Maka pada hari Minggu yang cerah dan bersemangat, dengan sebuah truk, kami berangkat ke Amurang. Sepanjang perjalanan, ada peristiwa yang selalu membuat saya takjub hingga menulis ini.
Dalam perjalanan itu, salah seorang kawan tunanetra menjelaskan tempat-tempat yang kami lewati. "Skarang so lewat Kalasey kang, Ji." Sekarang sudah lewat Kalasey, kan.

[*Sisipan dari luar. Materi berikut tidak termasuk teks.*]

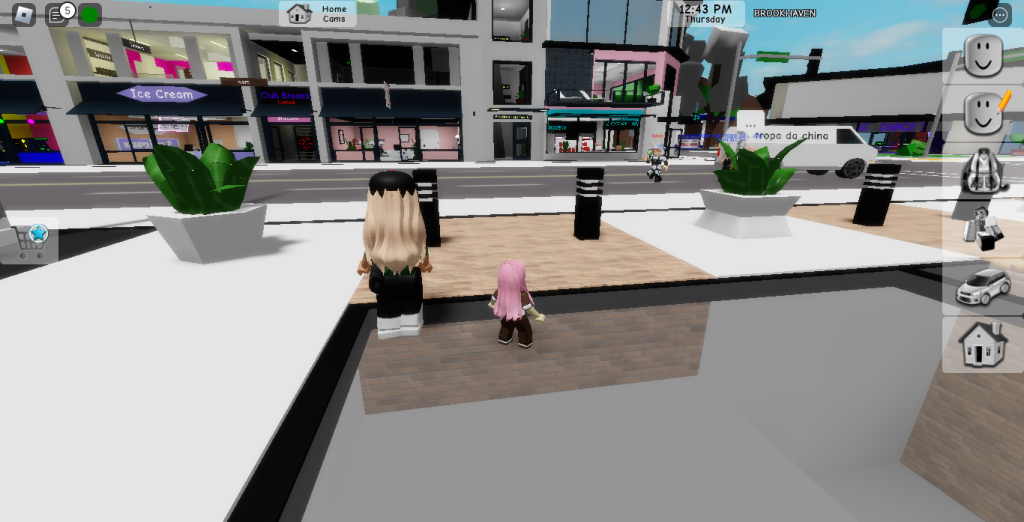 Me (IGplayz8) and my friend (jemmaplayz09) found a glitch that gave us a  hold able sofa in Brookhaven. You can't place it, but we believe it might  be a prob soon! You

Kalau tak salah ingat, yang menjelaskan tempat-tempat yang dilewati adalah om Herman Sondakh. Bagaimana cara om Herman menandai lokasi tertentu tanpa melihatnya?
Saya bahkan tergolong mahluk yang payah dalam menandai ruang agar tak tersesat. Om Herman jelas bukan satus-satunya yang memiliki keahlian ini di antara kawan-kawan tunanetra.
Beliau mungkin tak bisa melihat sesudah melewati masa kecil dan sering melewati daerah ini. Yang jelas, ingatannya begitu kuat.
Sesampainya di Amurang, mereka yang bermain mulai memisahkan diri ke dalam dua kesebelasan. Selebihnya mulai membagi peran.